Adnoc will use closed-loop CO2 capture and reinjection technology at the well site to permanently store CO2 in deep subsurface reservoirs as part of its continuous decarbonization initiatives. The FID to construct the project is part of the company's first $15 billion (Dh55 billion) decarbonization investment in low carbon solutions, which is entirely in line with Adnoc's newly declared net zero by 2045 aim.

Adnoc is implementing innovative climate technology solutions, decarbonizing its operations, investing in renewables and low-carbon fuels, developing a worldwide hydrogen value chain, pushing nature-based solutions, such as planting mangroves in the UAE. At Al Reyadah in Abu Dhabi, Adnoc inaugurated its first carbon capture, transportation, and storage facility in 2016. Up to 800,000 tonnes of CO2 per year collected from Emirates Steel Arkan can be processed at the plant. The Habshan carbon capture project, which builds on Al Reyadah, might enable better oil recovery from industry-leading low carbon intensity barrels and the creation of low-carbon feedstocks, such hydrogen, to assist clients in decarbonizing their operations.

Adnoc and Occidental are also evaluating possible investment prospects in direct air capture and carbon capture and storage in the United States and the United Arab Emirates.

Adnoc is the first major oil and gas company in the world to decarbonize its power at scale through an agreement of this kind.

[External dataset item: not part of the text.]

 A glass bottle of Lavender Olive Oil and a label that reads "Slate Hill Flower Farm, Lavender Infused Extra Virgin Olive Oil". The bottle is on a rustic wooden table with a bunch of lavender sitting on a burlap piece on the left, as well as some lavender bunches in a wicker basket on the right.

Adnoc currently purchases 100% of its grid power from the Emirates Water and Electricity Company's (EWEC) nuclear and solar sources as part of its long-standing decarbonization drive.

Adnoc is also developing a $3.8 billion (Dh14 billion) project to build a sub-sea transmission network, which could reduce Adnoc’s offshore carbon intensity by up to 50 per cent, upon completion.